Thursday, June 3, 2010

The Media and Historical Research

Jan Crawford of CBS News reported this evening on memos Elena Kagan wrote as a law clerk for Justice Thurgood Marshall. Having clerked for him myself -- and having myself been the subject of mildly misleading inferences drawn from memos and similar documents in Marshall's papers -- I don't want to comment (much) on the substance of the report, although I can't refrain from observing that one thing a good law clerk does (or at least did, in the Judge's chambers) is anticipate the justice's views on cases up for argument. (Recall that that was William Rehnquist's defense of his memo to Robert Jackson urging that Plessy v. Ferguson should be reaffirmed in Brown v. Board of Education. [My view is that other evidence indicated that Rehnquist's characterization was misleading to the extent that it represented that Rehnquist was simply sketching one side of Jackson's thinking without himself endorsing it. But without that other evidence his characterization would be unexceptionable.]) Inferring Kagan's views -- especially her current views -- from law clerk Kagan's memos is an iffy proposition: The inferences might be right, but they have to be discounted in light of chambers practices.
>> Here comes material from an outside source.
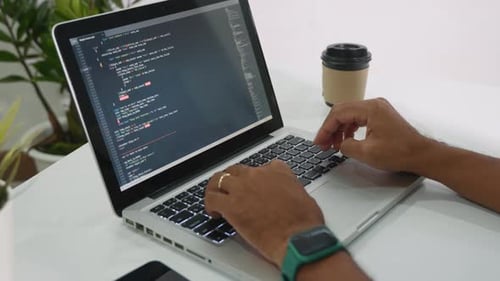 Hombre programador escribiendo el código del programa sentado en el lugar de trabajo en la oficina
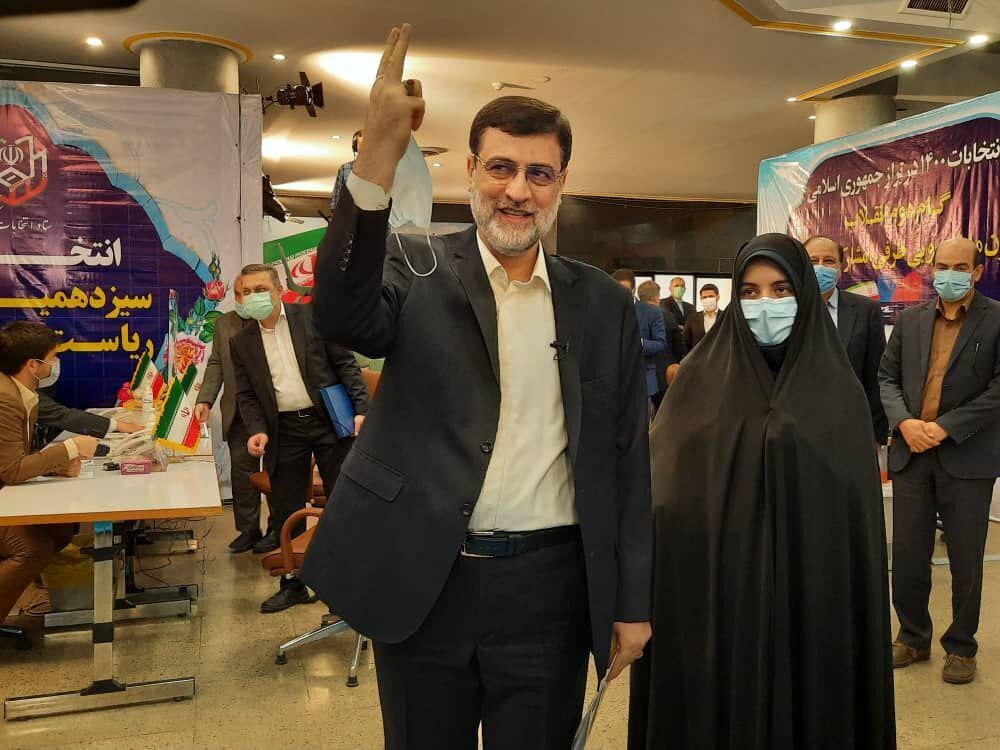 کلاف سردرگم بورس در انتخابات ریاست جمهوری ۱۴۰۰ باز میشود؟ کلاف سردرگم بورس در انتخابات ریاست جمهوری ۱۴۰۰ باز میشود؟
For me, the more interesting aspect of Crawford's reporting is the way she characterizes the process of finding the memos. She describes the memos as "obtained by CBS News" and as "buried in Marshall's paper in the Library of Congress." Obviously, CBS News did obtain the memos, and I suppose that someone unfamiliar with archival practices might describe putting memos in file folders -- clearly labeled with case names or numbers -- as "burying" them. But, geez Louise, ALL YOU HAD TO DO TO GET THE MEMOS WAS ASK FOR THE BOXES CONTAINING THE MEMOS WRITTEN DURING THE TERM KAGAN CLERKED FOR MARSHALL. Frankly, I'm surprised that it took so long for a reporter to walk over to the Library of Congress Manuscript Division and do just that.